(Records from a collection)
Segment Open

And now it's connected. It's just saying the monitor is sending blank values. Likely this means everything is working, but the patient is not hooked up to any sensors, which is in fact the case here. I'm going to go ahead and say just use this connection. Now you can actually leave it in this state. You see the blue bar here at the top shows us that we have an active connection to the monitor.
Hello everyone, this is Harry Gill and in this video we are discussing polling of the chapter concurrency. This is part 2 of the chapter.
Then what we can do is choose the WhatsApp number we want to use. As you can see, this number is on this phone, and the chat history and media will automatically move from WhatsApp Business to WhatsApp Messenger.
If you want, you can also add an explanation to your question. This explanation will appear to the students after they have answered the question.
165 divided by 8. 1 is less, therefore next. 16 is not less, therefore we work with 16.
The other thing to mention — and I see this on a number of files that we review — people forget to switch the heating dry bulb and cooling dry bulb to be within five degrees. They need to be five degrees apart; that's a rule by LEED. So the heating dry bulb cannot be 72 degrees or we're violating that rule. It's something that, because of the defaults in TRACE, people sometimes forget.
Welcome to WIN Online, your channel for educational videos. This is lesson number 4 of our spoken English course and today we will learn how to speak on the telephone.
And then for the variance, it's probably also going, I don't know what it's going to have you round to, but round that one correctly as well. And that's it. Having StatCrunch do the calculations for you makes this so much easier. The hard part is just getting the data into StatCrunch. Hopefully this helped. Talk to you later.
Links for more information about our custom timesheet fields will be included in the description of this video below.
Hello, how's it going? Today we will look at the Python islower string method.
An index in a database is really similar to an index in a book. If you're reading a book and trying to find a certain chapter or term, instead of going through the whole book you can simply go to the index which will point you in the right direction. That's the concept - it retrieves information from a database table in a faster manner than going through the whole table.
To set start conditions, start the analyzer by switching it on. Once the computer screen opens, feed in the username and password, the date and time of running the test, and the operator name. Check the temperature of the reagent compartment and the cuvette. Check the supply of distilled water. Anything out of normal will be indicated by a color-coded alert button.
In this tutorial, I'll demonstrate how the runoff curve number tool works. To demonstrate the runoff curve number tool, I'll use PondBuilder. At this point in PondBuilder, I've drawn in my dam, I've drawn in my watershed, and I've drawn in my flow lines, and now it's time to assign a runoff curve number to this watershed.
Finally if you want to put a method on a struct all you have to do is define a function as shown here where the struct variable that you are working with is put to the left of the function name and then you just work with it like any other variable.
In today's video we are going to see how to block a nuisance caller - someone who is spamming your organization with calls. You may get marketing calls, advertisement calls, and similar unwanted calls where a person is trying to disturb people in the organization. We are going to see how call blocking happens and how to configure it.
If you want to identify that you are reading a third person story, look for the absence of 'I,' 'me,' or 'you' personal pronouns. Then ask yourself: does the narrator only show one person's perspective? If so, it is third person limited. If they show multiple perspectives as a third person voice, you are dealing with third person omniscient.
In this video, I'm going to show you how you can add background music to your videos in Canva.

Segment Closed

What to produce:
Would you retype exactly the lines above, from the line with "Then what we" to the line with "Welcome to WIN", with both end lines kept and nothing more?

Response area:
Then what we can do is choose the WhatsApp number we want to use. As you can see, this number is on this phone, and the chat history and media will automatically move from WhatsApp Business to WhatsApp Messenger.
If you want, you can also add an explanation to your question. This explanation will appear to the students after they have answered the question.
165 divided by 8. 1 is less, therefore next. 16 is not less, therefore we work with 16.
The other thing to mention — and I see this on a number of files that we review — people forget to switch the heating dry bulb and cooling dry bulb to be within five degrees. They need to be five degrees apart; that's a rule by LEED. So the heating dry bulb cannot be 72 degrees or we're violating that rule. It's something that, because of the defaults in TRACE, people sometimes forget.
Welcome to WIN Online, your channel for educational videos. This is lesson number 4 of our spoken English course and today we will learn how to speak on the telephone.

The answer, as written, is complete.